According to “The Cerulli Edge – U.S. Asset Management Edition” March 2012 issue, Cerulli estimates that slightly more than 600 advisers or adviser teams display retirement consultant-like characteristics and require coverage that reflects their approach.
In the past, Cerulli notes, it was not hard to distinguish between retail advisers and institutional consultants. Now, the fee-for-service model, rather than a commission structure, has expanded into the less than $50 million plan market, which has traditionally been the domain of the retail adviser. The top-tier DC adviser firms have transitioned to become registered investment advisers (RIAs), or are dually registered, in order to be compensated through fees and to accept fiduciary status.
According to Cerulli, this has created a coverage challenge for asset managers. These top-tier DC adviser firms have fully developed practices that do not benefit from the practice management, business development support and other common value-add programs that are offered by defined contribution investment-only (DCIO) wholesalers. Targeting these firms may also not be productive for DCIO wholesalers.
Some wholesalers have indicated that these firms have a developed process for investment selection, and the typical adviser/wholesaler relationship does not have much influence on eventual fund use. Top-tier firms, however, may not have the assets under advisement (AUA) necessary to meet asset managers’ thresholds for institutional coverage, which leaves asset managers to reconsider their DCIO sales model and develop coverage for this adviser group.

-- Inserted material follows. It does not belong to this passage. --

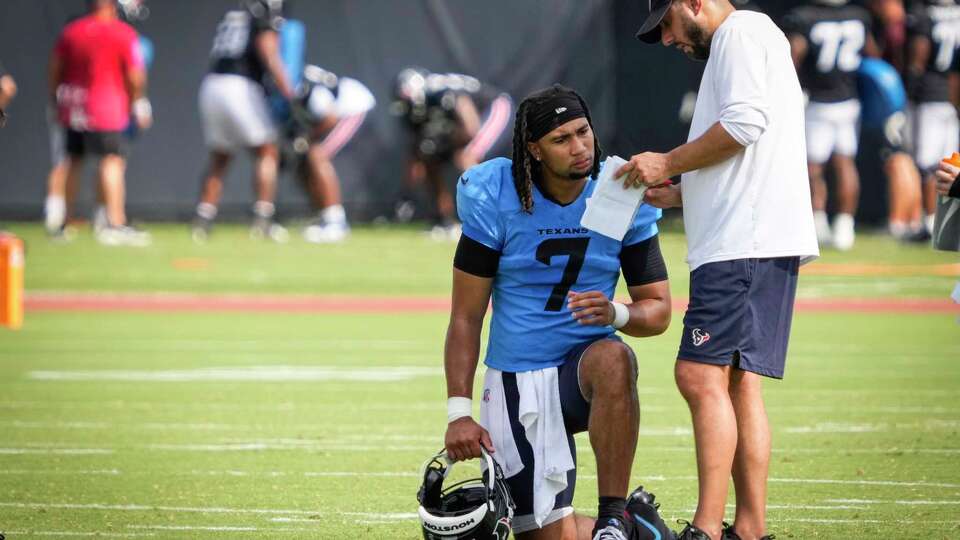 Houston Texans quarterback C.J. Stroud (7) works with offensive coordinator Nick Caley during an NFL training camp practice at Houston Methodist Training Center in Houston, Tuesday, July 29, 2025.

Cerulli interviewed some asset managers who have reported success via agreement between the institutional and retail sales teams as to which segment should cover these advisers who fall into the area between institutional and retail.
According to Cerulli, top-tier adviser coverage could be handled by someone in key accounts or by a newly created position. Another change might be to extract the DC team from the retail and institutional segments of the organization and have it report directly to corporate, Cerulli says.